The summer job had more hazards than the uncomfortable truck ride. At our parents' insistence, we wore long jeans to do the work, and the early morning dew from the maturing bean plants would soak into our jeans. Our pants would hang and stretch long, cold and heavy on our legs, making walking difficult. Inevitably mud would cake not only on our shoes, but the bottoms of our jeans as well. And since we were speed walking, the brisk pace in the wet, mud-caked jeans was even more of chore.

Our cold, wet, heavy legs were only temporary. As the morning heated up we quickly dried out and warmed up. We always warmed up much more than anyone would hope for.

Usually we wore gloves to mitigate the heavy calluses that developed on our otherwise tender palms. But the gloves became unbearably hot after a few hours, so sometimes (against Dad’s strict orders before we left home) we’d take them off and stick them in our back pockets. But as we sped through the thigh-high beans, the plant leaves would slice up our bean hook toting hands if we did not hold them high enough above our waist.

Once in a while we would come across a larger than normal weed and after a few tugs with the bean hook, we’d finally take it down. However the additional exertion sometimes caused us to continue slicing through the weed, through our jeans and into our leg. A little blood was part of the gig, so we kept walking; trying to make sure we were never the last one in our group to reach the end of a row.
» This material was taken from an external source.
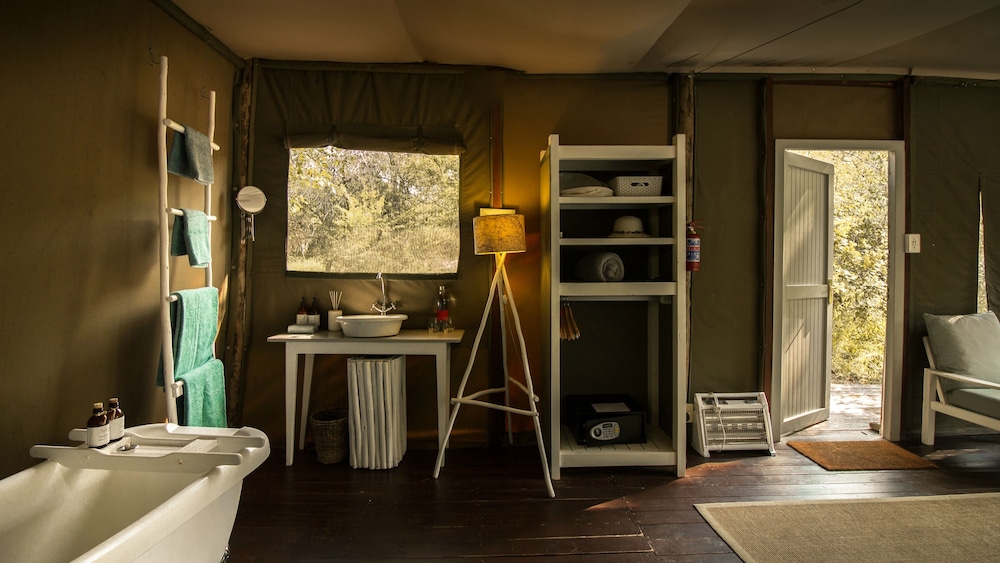 Ngama Tented Safari Lodge 50/50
While the work was anything but easy, by far our biggest obstacle was the sun and the heat. Most crews we had worked with in years past stopped for a water and graham cracker break once an hour. This crew stopped once every three hours.

The only thing that made it all worth while was getting a big paycheck. It was always handwritten by the farmer’s wife, while we waited in the shade of an old tree in the front yard of the farm house. After our Saturday shift waiting for our checks we'd often get our fill of lemonade and oatmeal cookies too.
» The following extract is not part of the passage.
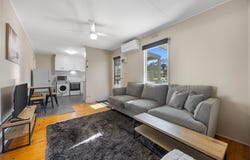 1 & 2/4 Sutherland Street, Stawell, Vic 3380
But the job had other perks. Speed walking six hours a day, six days a week, made my thighs as lean as pretzel sticks. Since I spent many of my afternoons at the community pool, in the early eighties when dark coconut oil trumped sunscreen, I was quite tanned as well.

I maximized the look by wearing short shorts every summer afternoon. One day toward the end of beaning season I came home from another day of drudgery, and as usual showered and curled my hair. I put on a bit of lip gloss for a finishing touch. With all signs of dirty farm work erased, I dressed in tan cotton short shorts and a teal green knit polo top.
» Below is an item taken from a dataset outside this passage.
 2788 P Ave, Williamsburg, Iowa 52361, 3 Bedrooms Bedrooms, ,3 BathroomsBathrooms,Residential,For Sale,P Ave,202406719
At my mom’s request, I then rode my bike up town to run an errand. After setting the used Schwinn against the white washed store front, I walked in. The old wooden door had a Christmas bell, holly included, hanging on it which jingled with each opening and closing. In the nearly empty, dimly lit mom and pop store I grabbed what I needed and got in line to pay for my purchase. Somewhere from the back room appeared the farmer’s son in a John Deere yellow and green baseball cap.

He took one look at me and then took a longer drink.

“Debbie,” he asked, as if he was not sure he recognized me, “Is that you?”

I was immediately offended. “How could he see me virtually everyday for a month and still not recognize me?” I wondered. But I was also terrified to have been spoken to directly by a nineteen year-old boy.

So I nodded in the affirmative.

“Boy, you look a shade different than you do in the bean field,” he commented still eyeing me from glossed lips to tanned ankle.

I was so embarrassed and confused I did not know what to say. All I could think of was that I hoped I looked different than I did as a the mangled hair, muddy mess that I was in the bean field. After a few moments of my dumb-stricken silence, he shrugged his muscular shoulders slightly, smiled, met up with his girlfriend, and walked out of the store.

The next Monday morning in the bean field I was suddenly bumped up to the older crew. This promotion meant I received a 50 cents an hour raise for the rest of the season. My younger sisters, on the other hand, remained with the farmer’s wife for the next couple weeks.

While my dad was proud, assuming his daughter’s hard work had caught the farmer’s eye, I realized it probably had a lot more to do with the eye of farmer’s son and my short shorts.